BROOKLYN, NY – The highest-rated recruit to ever wear an Auburn basketball uniform seemed to be within minutes from becoming the program’s first No. 1 overall NBA Draft pick.
But the draft is rarely that simple, especially in a crowded class of top talent.
Auburn forward Jabari Smith was selected by the Houston Rockets with the third pick of the draft Thursday night, becoming the highest-picked player in Auburn basketball history.
The 19-year-old from Sandy Creek, Georgia, in the Atlanta area was the No. 7 recruit in the 2021 class, and he excelled in his one season at Auburn. The 6-foot-10 forward averaged 16.9 points in 28.8 minutes per game on 42% 3-point shooting.
Here is what the Rockets are getting in Smith.
Combining size and shooting, there’s very little precedent for a prospect entering the NBA already as polished as Smith. He’s the best 3-point shooter at his height to be drafted in the last 20 years. His consistent, fluid form is a sign that his numbers last season weren’t an anomaly.
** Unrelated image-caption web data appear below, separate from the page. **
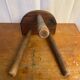 Antique milking stool tripod wood half moon seat vintage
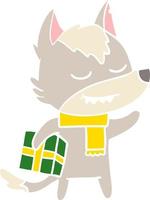 friendly flat color style cartoon wolf carrying christmas present vector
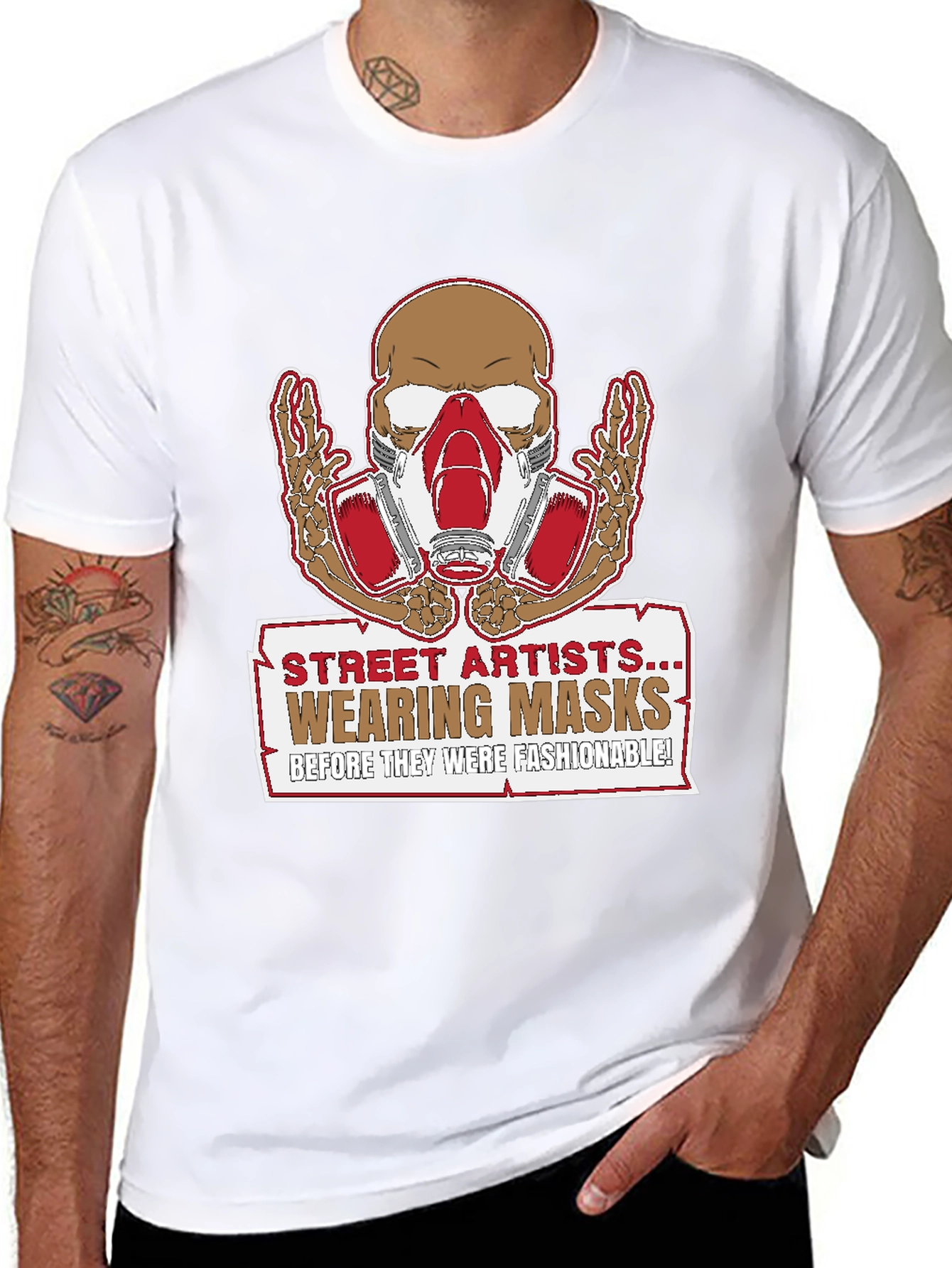 Street Artist Mask Skeleton Graphic T-Shirt - 8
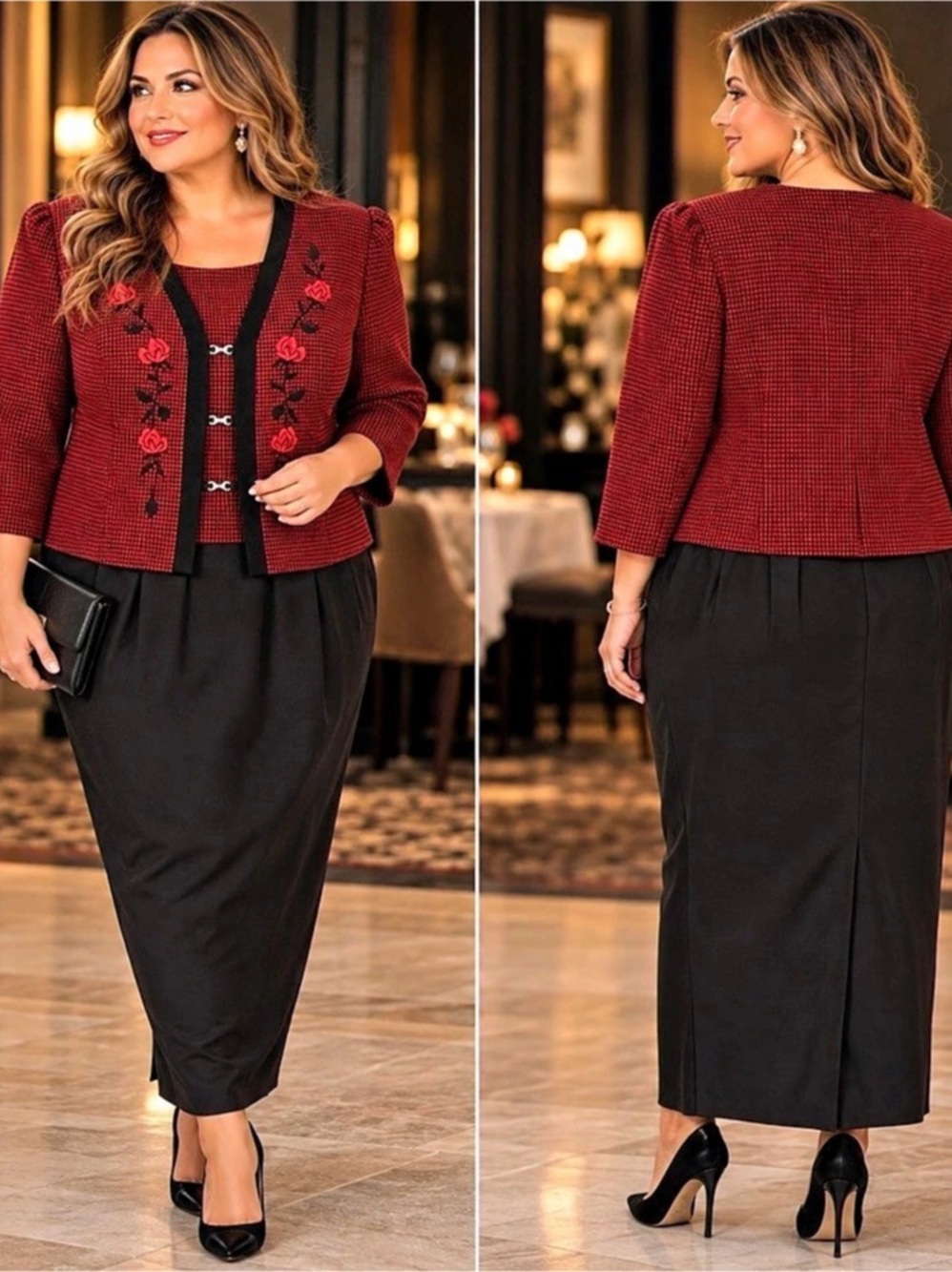 Lady Dorby Dr Vintage Red and Black Rose Embroidered Dress W/attached jacket 24W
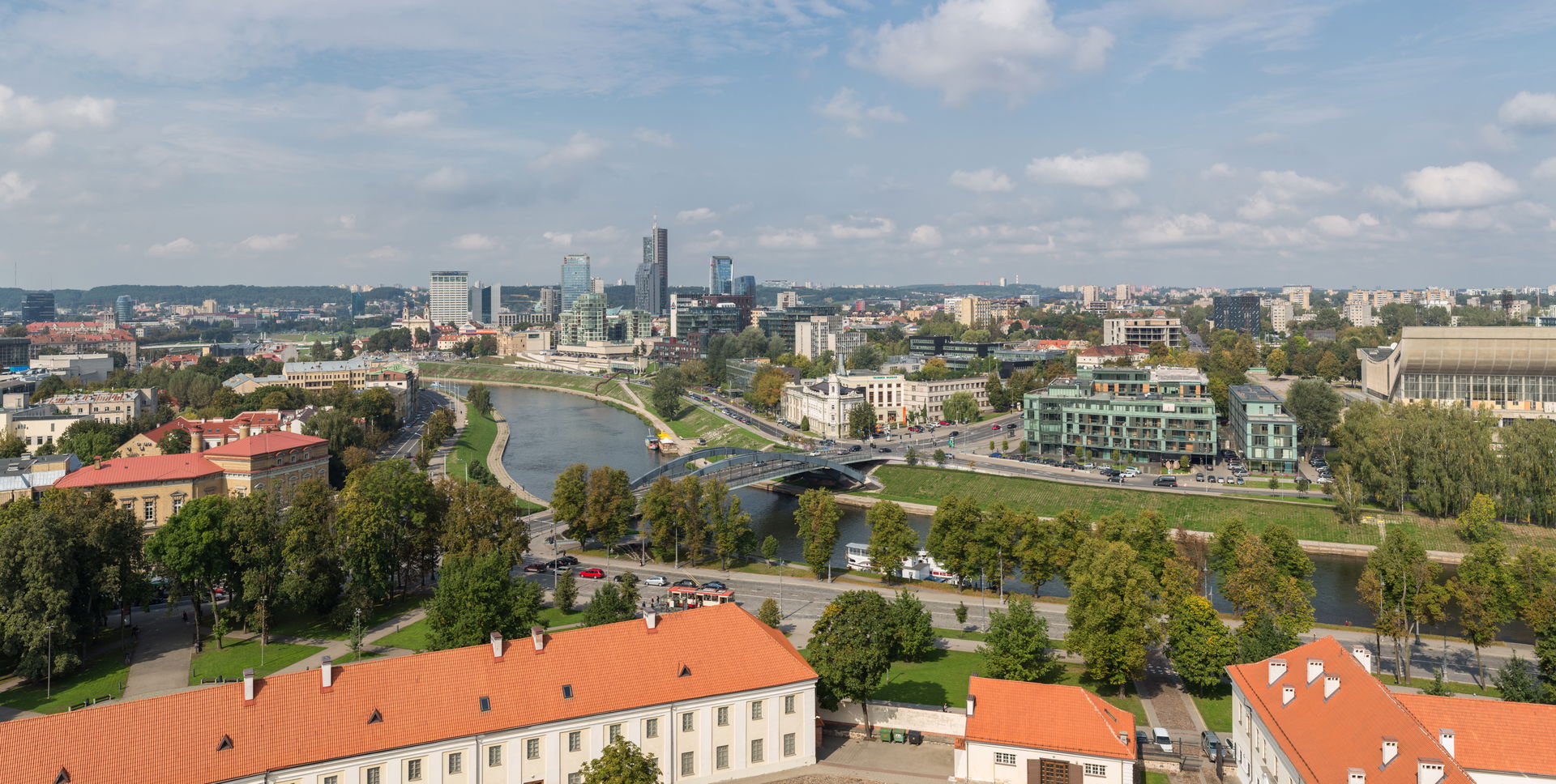 The modern skyline of Vilnius, Lithuania, as viewed from Gedimi…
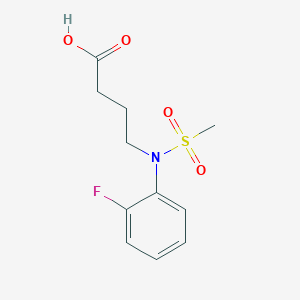 molecular formula C11H14FNO4S B1392789 4-[(2-氟苯基)(甲磺酰)氨基]丁酸 CAS No. 1266545-23-6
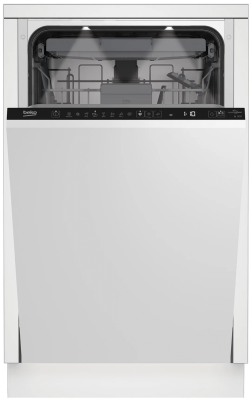 Встраиваемая посудомоечная машина Beko BDIS38120Q, 8 программ, белая, конденсационная, сенсорное управление, 3 уровня мытья посуды 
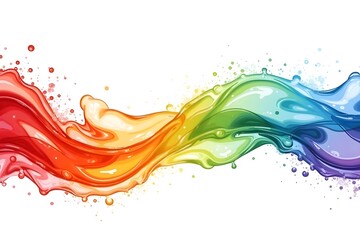 Fototapeta premium Summer background and banner with water, spray and waves in abstract shapes. Vibrant colors. Dynamic composition of flowing and natural shapes in the color spectrum. Vibrant abstract banner with movin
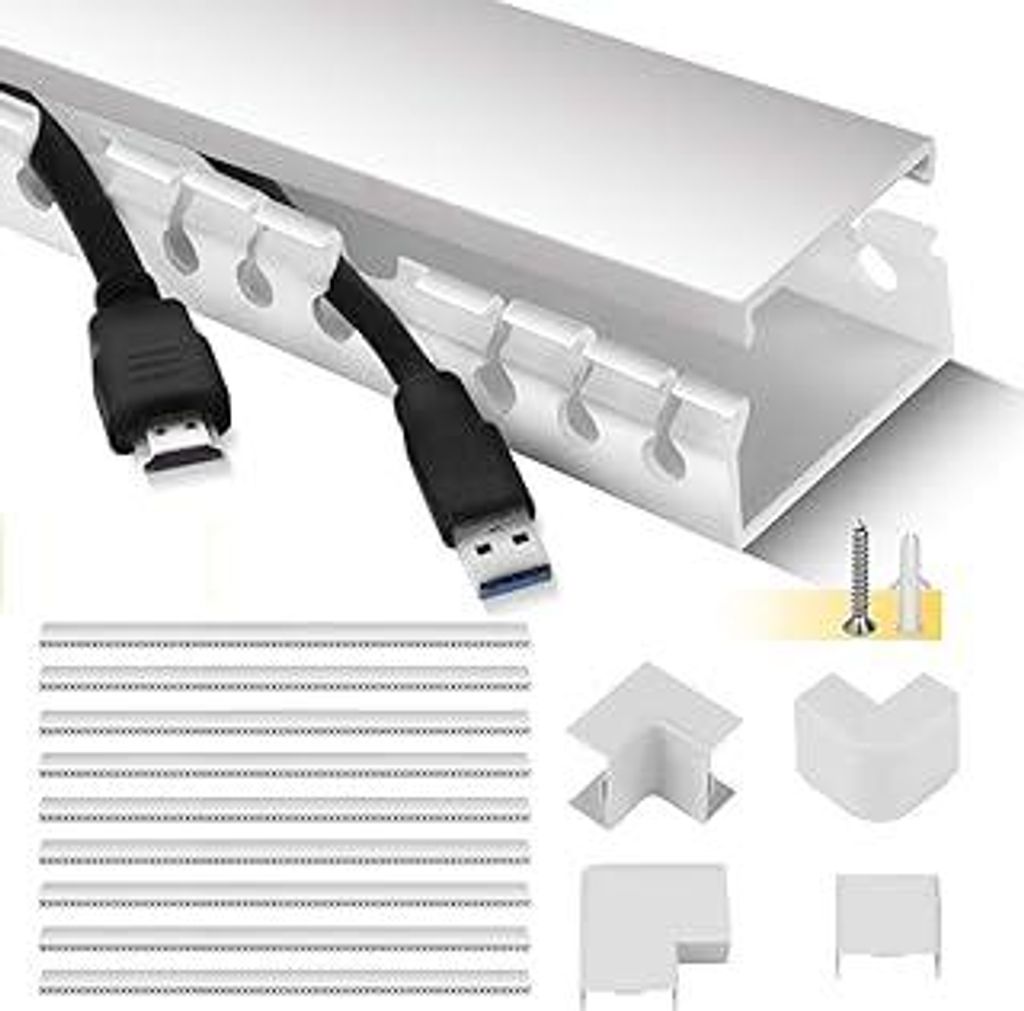 Kabelkanal Selbstklebend Weiß, Kabelmanagement Schreibtisch Organizer, Cable Management 3.5M Länge, Kabelkanal für alle Netzkabel in Haushalt/B...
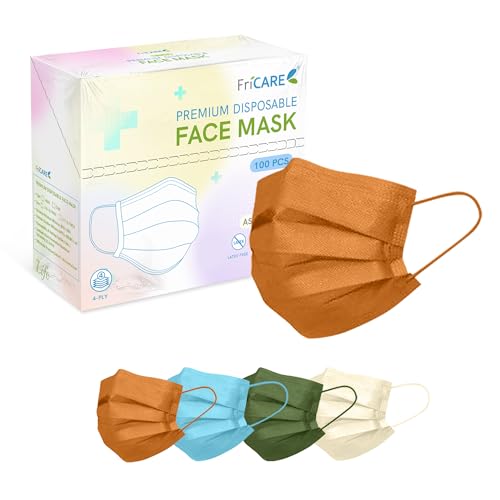 FriCARE 4 Ply Face Masks Disposable 100 Pack in Earth and Sky colors
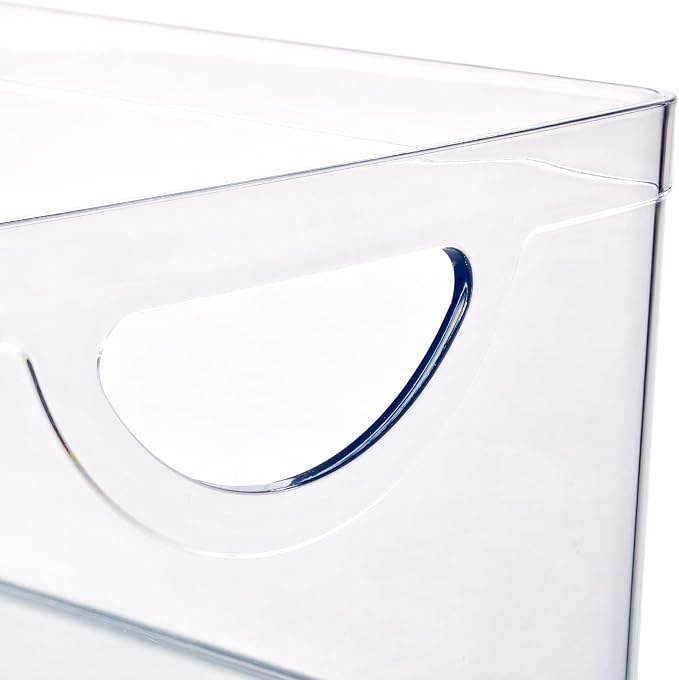iDesign Stackable Open-Front Storage Bin with Handles, Clear | For Kitchen, Made in USA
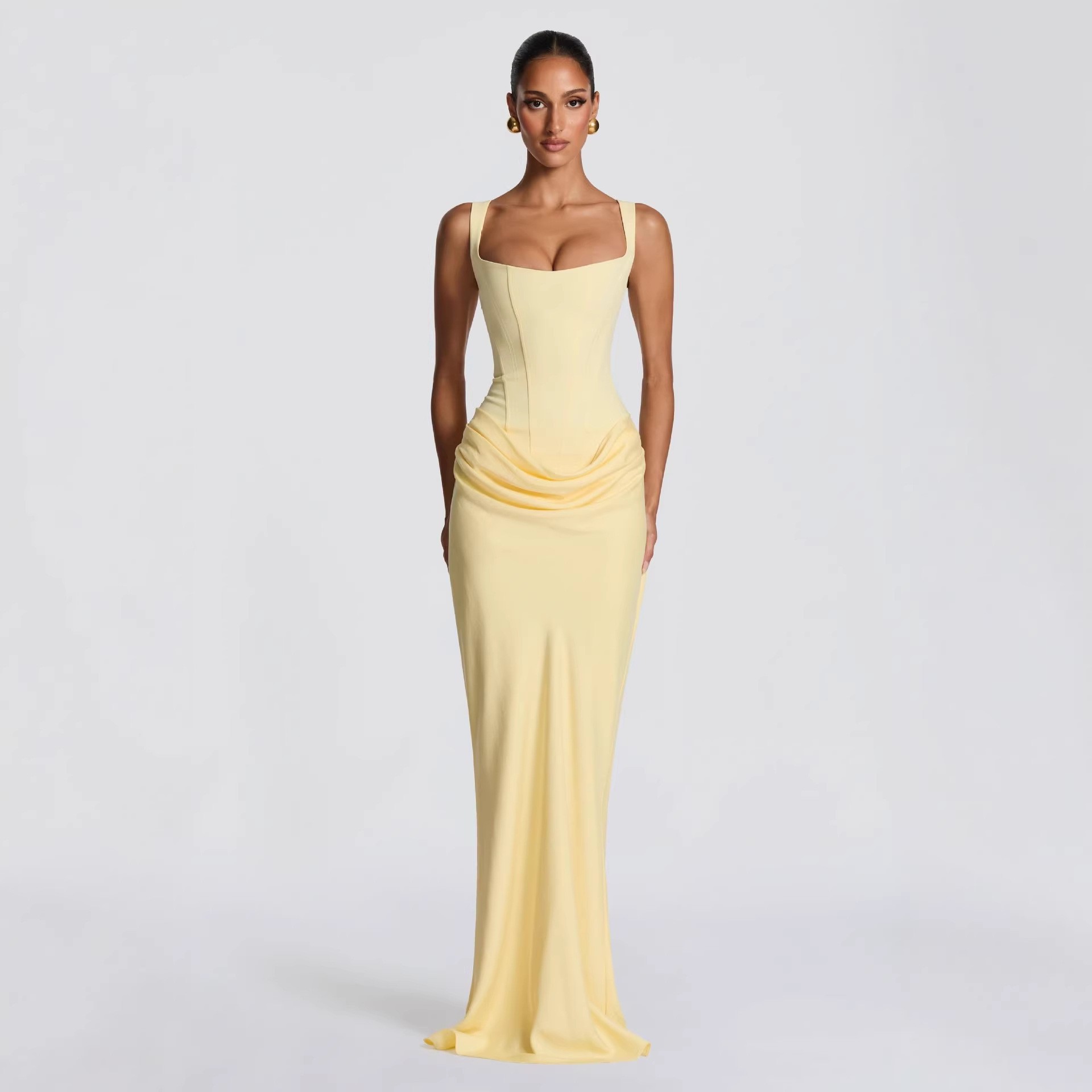 Europa y América 2026 primavera nueva moda de color sólido cuello cuadrado sin mangas delgado empalme plegado sexy vestido de cadera image 12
In catch-and-shoot situations, he receives passes already in a shooting motion. Off the bounce (he prefers to go into his jump shot with one or two dribbles), he rises quickly to an unblockable release point. Auburn often fed him in the pinch post, where he squared up defenders and used one-dribble pull-ups, turnaround jumpers and physical rip-throughs to draw fouls.
Smith is a versatile defender. Auburn switched him on screens because he could guard all five positions. He’s a high-energy on-ball and help defender.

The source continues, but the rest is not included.